Is this for freelancers or full-time employees?

Both. Mercor tries to match you with clients who want long-term contractors. Unlike other platforms where you log in and grab small tasks, Mercor matches you with one company for a steady role (e.g., 'Python Tutor for 3 months').

I'm not comfortable on camera. Can I still apply?

No. The application requires a video interview with an AI avatar. The AI asks you questions about your resume, and the video is shared with potential clients to prove your communication skills.

Does it cost money to join?

No. You should never pay to join these platforms. Mercor makes money by charging the client a fee on top of your hourly rate.

Is this just labeling data?

No. This is closer to academic research. You will likely be writing or verifying complex proofs, solving advanced equations, or checking the logic of a model's step-by-step reasoning. The goal is to teach AI systems to reason deeply in your field.

Do I need a PhD?

For the highest pay tiers in this category, a PhD (or current enrollment) is usually expected. However, the most important factor is your ability to pass the domain assessment. If you can solve the problems, the degree is secondary.

Is the work continuous?

Work in niche fields is often project-based.

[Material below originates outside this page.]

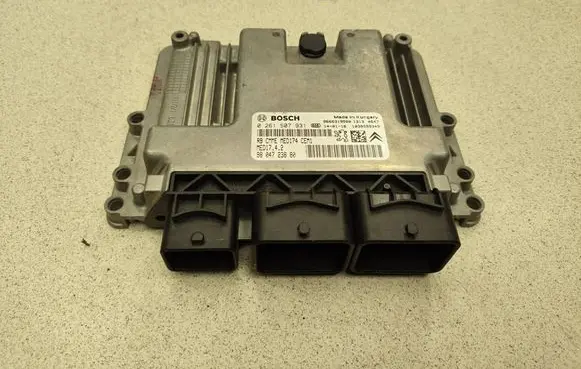 Citroen DS3 Engine control unit/module 9666319580 9804723880 0261S07931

A specific "campaign" (e.g., training a model on Quantum Mechanics) might last for a few weeks. It is best to treat this as a high-paying fellowship or grant rather than a permanent daily job.

How soon will I start?

Important: Mercor is a talent marketplace, not a task queue. Applying puts you in a pool of candidates. You will only start working when a specific client (like a major AI lab) selects your profile. This matching process can take weeks.